Monday, July 06, 2015

GOT7

Recently, I am into a Korean boy band called "GOT7". I am secretly an IGOT7. LOL. I know I feel too old for this. But these boys are just adorable. Besides I have never ever really became a true fan of a band in like a few years now,the last one I really loved was Shinee & B2st. I actually can't wait to see the Markson show tomorrow! Can you believe it? I knew Got7 last year. I've only grown interested in them this June, why? I was curious and clicked on the Markson show on youtube and I fell in love with Mark. He is so dashing, so mysterious yet his laughter is the cutest thing on earth. However, I feel Mark comes in a pair with Jackson! Jackson is the total opposite of Mark which is a totally good thing because they complement each other, like Jackson is too noisy and Mark is quiet so they balance each other nicely, when you throw in Eric Nam it is the perfect combination! The chemistry is just tops!

I knew JJ project and couldn't wait for their debut, I watched Dream High2 and fell in love with JB and Junior. I was very very upset when they came back with 5 other members at first I was like WTH. I felt that the other members were overshadowing the 2 members. However now that I love Markson, I've learnt to love and embrace them as a whole. I can see they work well together. GOT7 forever. The fact that 3 members are able to speak English fluently is just superb. I wish to see the Amerithaikong bunch appearing together more. I wish Young Jae would speak more on screen. Even Mark as well, I somehow feel that Mark aside from being shy and an introvert, I feel that because the rest are too rowdy or talks more they overpower him and he chose to stay quiet. LOL but I still love him for who he is. On another note can wait to watch them on ASC tomorrow. MARKSON RULES!!! GOT7 fighting!

PS: I think Bambam should be given a chance to join them on ASC!


Monday, June 29, 2015

RAMADAN DAY 12

Today marks the twelfth day of Ramadan, it is also the beginning of a school term as an educator at the same school for 6 years honestly I have lost my spark and do not want to be doing this anymore. I am so exhausted of doing the same routine. I started Ramadan happy but now I feel depressed all over again like before Ramadan. I have no idea why I've stopped sewing as well. I used to love sewing so much that just the thought of it makes me delighted. My only escape is to sleep. And for someone who doesn't favour sleeping so much, I've been sleeping a lot as well.

I am in need of a fresh environment. I want to just do things that I love. Oh, Allah please grant me patience in my sad heart. Ramadan has been a fruitful time for me to get closer to you ya Allah. The night time makes me happy the most as I can do congregational prayers. I think my life is lacking in activities as well. I feel blessed that I'm in a relaxed mode but at the same time I feel down because I wish I can hang out more. My friends and I used to hang out a lot when we were younger. Nowadays meeting with them even for a short while makes me the happiest.
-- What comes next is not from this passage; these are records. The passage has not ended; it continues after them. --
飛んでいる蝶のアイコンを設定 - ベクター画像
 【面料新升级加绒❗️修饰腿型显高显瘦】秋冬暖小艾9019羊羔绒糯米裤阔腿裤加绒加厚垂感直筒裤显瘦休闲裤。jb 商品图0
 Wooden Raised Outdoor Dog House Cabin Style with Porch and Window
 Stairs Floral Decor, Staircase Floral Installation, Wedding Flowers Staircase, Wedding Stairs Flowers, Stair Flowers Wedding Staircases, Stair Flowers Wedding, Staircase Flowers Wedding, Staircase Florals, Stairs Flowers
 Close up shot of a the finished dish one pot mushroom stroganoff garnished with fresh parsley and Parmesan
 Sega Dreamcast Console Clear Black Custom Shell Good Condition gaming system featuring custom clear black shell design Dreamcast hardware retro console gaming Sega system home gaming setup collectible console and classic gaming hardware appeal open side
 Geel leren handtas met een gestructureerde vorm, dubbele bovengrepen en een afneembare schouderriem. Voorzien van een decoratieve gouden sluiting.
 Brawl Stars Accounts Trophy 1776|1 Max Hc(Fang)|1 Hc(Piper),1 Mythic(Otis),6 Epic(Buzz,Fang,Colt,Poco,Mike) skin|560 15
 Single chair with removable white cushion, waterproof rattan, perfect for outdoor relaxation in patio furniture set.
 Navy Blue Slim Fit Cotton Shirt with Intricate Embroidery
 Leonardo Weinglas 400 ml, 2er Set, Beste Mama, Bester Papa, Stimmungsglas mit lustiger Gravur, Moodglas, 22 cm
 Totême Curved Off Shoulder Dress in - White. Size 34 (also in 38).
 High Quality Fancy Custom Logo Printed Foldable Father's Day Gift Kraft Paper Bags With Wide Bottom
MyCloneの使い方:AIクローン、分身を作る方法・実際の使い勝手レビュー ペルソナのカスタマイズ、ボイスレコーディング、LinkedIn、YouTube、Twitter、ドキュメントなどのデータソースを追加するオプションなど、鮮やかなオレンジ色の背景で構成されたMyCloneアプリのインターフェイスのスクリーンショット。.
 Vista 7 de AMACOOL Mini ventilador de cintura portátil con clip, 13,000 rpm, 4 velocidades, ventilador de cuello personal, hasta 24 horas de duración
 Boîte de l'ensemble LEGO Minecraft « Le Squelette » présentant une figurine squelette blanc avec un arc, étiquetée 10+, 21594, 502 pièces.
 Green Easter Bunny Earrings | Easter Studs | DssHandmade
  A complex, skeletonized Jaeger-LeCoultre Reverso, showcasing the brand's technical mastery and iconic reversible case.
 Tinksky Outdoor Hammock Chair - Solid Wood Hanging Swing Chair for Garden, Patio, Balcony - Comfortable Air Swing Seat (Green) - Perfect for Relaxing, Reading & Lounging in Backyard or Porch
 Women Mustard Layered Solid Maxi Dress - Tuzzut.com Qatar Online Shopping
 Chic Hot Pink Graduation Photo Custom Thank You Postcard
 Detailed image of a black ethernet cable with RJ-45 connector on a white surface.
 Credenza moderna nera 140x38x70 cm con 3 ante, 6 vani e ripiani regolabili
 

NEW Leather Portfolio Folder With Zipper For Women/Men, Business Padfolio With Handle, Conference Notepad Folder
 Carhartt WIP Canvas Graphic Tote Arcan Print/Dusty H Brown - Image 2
Sometimes I wish I can go back to the time when i was in secondary school.I had a blast as I get to meet my friends daily and I can honestly say that is the highest point in my life and nothing can beat that time thus far. Even though my dad was in depression back then, no matter how stressful life was, my friends were there. I didn't have money, didn't come from a wealthy family but still I am happy. Friends were like my drug that numb me from all the pain. Nowadays, with that gone, sleep is like a drug. O Allah, I hope I can find that spark again in life. I'm so exhausted ya Allah. So exhausted.

However, I want to thank Allah for my last trip to Korea. It brought back the smile and glow on my face. I truly felt happy again even though it was for a mere 3 weeks. Those 3 weeks are what I look back on. Ya Allah give me the strength to continue being a good Muslim and living life to the fullest.